An international team of researchers has proposed a new way to make atoms or ions indistinguishable by swapping their positions. These particles are then expected to exhibit exotic properties. The study involved physicists from the University of Bonn, the Austrian Academy of Sciences, and the University of California. The work has now been published in Physical Review Letters.

Imagine that you are playing the game of "Find the Lady"– in fact, a very simple version of it: The croupier is no hardened con artist, but rather a thoroughly honest woman. And on the table in front of her are just two cups, not three. These are made from black plastic and look so much alike that – try as you might – you cannot distinguish one from the other.

The croupier moves both cups backward and forward. Her moves are very fast and dexterous. Nevertheless, with a little concentration, you manage to follow her moves. At the end, you can correctly state which of the cups was originally on the left and which on the right.

But what would happen if you close your eyes when the cups are being moved? In this case, you can only guess. After all, to you, both cups look completely identical. Of course, they aren't really so—cup 1 remains cup 1, no matter how often it changes places with cup 2.
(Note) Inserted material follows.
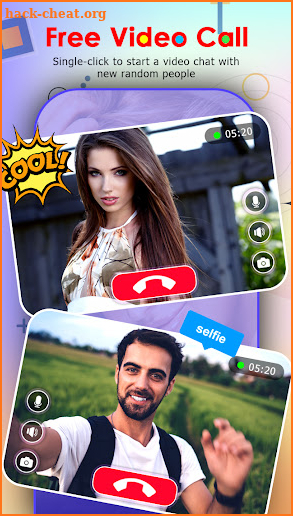 English call - Live video call screenshot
However, in the world of the smallest things, experiments can be performed in which the thing of identity is not that clear. Playing a game such as "Find the Lady" in the quantum world has now been proposed by physicists at the Institute of Applied Physics (IAP) of the University of Bonn together with their colleagues from Austria and the USA.

In different places at the same time

In the quantum world, the cups are replaced by two atoms that are exactly in the same atomic state. "Such atoms can be produced in specialized laboratories with state-of-the-art techniques," explains Prof. Dieter Meschede from the IAP. "They are actually completely the same and only differ due to the position at which they are located."

When you play "Find the Lady" in the world of atoms, you have some extra freedom. For instance, researchers can count on the quantum mechanical phenomenon according to which particles can be in two different places at the same time. By cleverly using this phenomenon, atom 1 and 2 can, with a certain amount of luck, swap places without anyone noticing.

In other words: at the end of the quantum manipulation, the observer has no way to say – as a matter of principle – whether atom 1 is actually still atom 1 or whether it has been swapped with atom 2. For standard cups, it would still be possible to tell them apart reliably using their tiniest differences such as a microscopically small dent. This is not the case for identically prepared atoms; they are exactly the same. "At the end of the experiment, it is thus no longer possible – in whatever form – to identify which of the two atoms is number 1 and which is number 2," explains Dr. Andrea Alberti from the IAP.

This also has philosophical implications. The German philosopher Gottfried Wilhelm Leibniz (1646–1716) is credited with the assertion that two objects are identical when no differences can be discerned between them. Following Leibniz's logic, the switched atoms must have then lost part of their individuality: they are two, yet they are somehow one.

Astoundingly, both of them are also 'connected' to each other after switching places: certain properties of both particles such as the spin – the direction of rotation of an atom – depend upon both particles. If you observe the spin orientation of atom 1, then you will immediately know the spin orientation of atom 2 – even without directly observing it. "It is as if you throw two coins independently of each other," explains Andrea Alberti. "If one coin shows heads, then this must also be the case for the other." Physicists talk of 'entanglement."

The IAP researchers are currently working on putting their theoretical proposal into practice. The experiment can also be performed in a modified form with other particles such as ions – a route that the colleagues at the Institute for Quantum Optics and Quantum Information in Innsbruck of the Austrian Academy of Sciences want to take. "We expect from these studies, in which we control with high precision exactly two quantum particles, new findings on the fundamental quantum mechanical exchange principle," hopes Alberti.